When Hell Froze Over


Author: Gerber Ambassador Keith Ladzinski  Keith on Instagram


Endorphins of gratitude are filling my body, and for good reason; I can finally see base camp. It’s 2 miles out and I get a surge of energy and start skiing harder. Both of my feet are covered in blisters, most of which are bleeding and filling up my socks. It’s been 5 very long days of harsh weather during a circumnavigation of Antarctica’s Wolthat Mountain Range. Our method of transportation has been cross-country skiing and crampons when the ice was too steep and wind blown to skin across.  I’m eager to cut loose the 90 pound sled I’m been towing, to lean against the ice walls of “home” with a sip of whiskey and a warm meal. It’s Thanksgiving, 2012, and a holiday I’m unlikely to ever forget.


As I get closer to base camp I’m noticing that something looks very different, it seems smaller, and the closer I get seemingly non-existent. It doesn’t take long to realize that it’s because camp has been wiped out. Catabatic winds have ravaged our 6 foot perimeter walls burying everything we have, this isn’t good. I arrive to find Mike Libecki and Freddie Wilkinson already hard at work, digging out the broken tents and excavating anything they can salvage. It’s 9:00pm, and this night wont be over anytime soon. I’m faced with an immediate dilemma, which is to either document the event, or grab a shovel and dive in.  Rule one of being a camerman is that you know you’ve failed if you’re witnessing a key moment with your bare eyes and NOT through a lens. So I start shooting. I’m here with fellow shooter and friend Cory Richards. We’re on assignment for National Geographic and these are the moments that matter, and the truth is that these are the moments we’ve been hoping for.

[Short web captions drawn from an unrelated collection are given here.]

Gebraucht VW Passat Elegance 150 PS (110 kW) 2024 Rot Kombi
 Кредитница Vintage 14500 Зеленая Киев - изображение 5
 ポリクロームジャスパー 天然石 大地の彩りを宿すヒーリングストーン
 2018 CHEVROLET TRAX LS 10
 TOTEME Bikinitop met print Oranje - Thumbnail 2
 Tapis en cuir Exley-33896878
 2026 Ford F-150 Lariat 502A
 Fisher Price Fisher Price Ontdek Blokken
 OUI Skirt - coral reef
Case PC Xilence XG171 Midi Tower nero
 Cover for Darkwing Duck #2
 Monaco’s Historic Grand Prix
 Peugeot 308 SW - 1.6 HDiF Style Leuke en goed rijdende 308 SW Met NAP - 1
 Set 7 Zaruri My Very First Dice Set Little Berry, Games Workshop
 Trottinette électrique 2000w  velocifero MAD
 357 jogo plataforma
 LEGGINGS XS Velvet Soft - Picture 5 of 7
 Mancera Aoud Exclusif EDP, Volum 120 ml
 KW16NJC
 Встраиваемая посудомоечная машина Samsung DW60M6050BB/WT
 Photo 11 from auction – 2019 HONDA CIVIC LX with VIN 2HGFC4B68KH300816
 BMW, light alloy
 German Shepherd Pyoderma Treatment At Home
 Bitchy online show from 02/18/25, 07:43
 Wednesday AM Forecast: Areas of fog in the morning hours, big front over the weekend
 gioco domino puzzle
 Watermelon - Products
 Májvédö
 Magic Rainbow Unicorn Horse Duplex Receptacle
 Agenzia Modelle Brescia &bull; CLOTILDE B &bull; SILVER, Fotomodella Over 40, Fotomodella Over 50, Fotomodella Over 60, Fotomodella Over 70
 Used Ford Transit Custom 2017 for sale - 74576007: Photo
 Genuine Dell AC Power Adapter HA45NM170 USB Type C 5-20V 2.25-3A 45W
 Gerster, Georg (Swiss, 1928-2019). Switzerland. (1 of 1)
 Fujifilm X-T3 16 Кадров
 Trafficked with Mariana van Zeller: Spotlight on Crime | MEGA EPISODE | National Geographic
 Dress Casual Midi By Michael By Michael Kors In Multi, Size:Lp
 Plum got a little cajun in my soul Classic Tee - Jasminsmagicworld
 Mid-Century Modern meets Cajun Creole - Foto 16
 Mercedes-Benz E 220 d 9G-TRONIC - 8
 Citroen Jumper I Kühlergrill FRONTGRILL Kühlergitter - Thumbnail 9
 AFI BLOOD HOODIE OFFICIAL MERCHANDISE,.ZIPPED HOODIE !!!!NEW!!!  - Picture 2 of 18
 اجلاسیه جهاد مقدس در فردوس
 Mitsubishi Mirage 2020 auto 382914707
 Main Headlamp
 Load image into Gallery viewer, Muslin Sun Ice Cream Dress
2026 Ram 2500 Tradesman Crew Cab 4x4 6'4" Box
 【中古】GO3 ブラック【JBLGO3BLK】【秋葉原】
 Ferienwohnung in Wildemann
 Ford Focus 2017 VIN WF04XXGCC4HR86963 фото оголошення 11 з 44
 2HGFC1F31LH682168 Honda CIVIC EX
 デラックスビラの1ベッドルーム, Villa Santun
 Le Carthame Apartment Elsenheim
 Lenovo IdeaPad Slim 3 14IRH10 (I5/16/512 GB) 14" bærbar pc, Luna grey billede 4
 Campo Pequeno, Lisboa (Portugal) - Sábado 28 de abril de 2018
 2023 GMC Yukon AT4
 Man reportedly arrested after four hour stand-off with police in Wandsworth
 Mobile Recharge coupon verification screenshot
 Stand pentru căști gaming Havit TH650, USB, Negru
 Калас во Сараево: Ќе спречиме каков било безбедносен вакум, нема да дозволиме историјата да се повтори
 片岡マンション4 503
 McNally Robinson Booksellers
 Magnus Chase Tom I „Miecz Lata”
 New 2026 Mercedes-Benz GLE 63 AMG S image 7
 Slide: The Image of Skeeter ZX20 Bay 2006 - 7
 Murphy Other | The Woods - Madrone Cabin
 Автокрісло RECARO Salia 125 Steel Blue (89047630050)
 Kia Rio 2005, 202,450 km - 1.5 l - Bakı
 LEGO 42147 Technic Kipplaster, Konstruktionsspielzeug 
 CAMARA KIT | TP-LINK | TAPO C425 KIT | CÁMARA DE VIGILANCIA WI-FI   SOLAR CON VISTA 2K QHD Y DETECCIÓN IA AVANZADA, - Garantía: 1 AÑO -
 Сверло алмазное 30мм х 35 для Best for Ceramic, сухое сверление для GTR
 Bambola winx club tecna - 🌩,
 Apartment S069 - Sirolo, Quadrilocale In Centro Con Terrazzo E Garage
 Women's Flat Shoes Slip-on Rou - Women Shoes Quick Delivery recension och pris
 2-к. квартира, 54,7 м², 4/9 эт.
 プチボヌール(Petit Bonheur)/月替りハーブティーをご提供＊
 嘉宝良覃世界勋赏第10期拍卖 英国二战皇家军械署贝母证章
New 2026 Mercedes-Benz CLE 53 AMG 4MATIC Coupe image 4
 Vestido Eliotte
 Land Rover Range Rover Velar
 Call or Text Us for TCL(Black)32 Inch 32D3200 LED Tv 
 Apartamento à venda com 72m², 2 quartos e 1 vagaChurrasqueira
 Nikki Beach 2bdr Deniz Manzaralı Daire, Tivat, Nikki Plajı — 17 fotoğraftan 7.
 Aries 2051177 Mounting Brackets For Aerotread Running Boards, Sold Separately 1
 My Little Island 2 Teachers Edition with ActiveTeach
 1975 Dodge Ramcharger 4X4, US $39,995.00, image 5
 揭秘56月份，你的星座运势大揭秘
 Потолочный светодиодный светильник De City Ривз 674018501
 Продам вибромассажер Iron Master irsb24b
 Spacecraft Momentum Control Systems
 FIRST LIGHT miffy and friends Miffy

It isn’t long until the cameras are put away and we all attack our personal archeology assignment, digging up the necessary, rebuilding walls as quickly as possible and finding the necessary supplies, one of which is a bottle of whiskey. We all take a couple pulls and laugh about what just happened. With 30 more days ahead I know that this is a taste on my palette that I’m going to be getting used to. It’s Antarctica after all; unforgiving and unexplored. It’s the adventure of a lifetime and one I’ll never forget.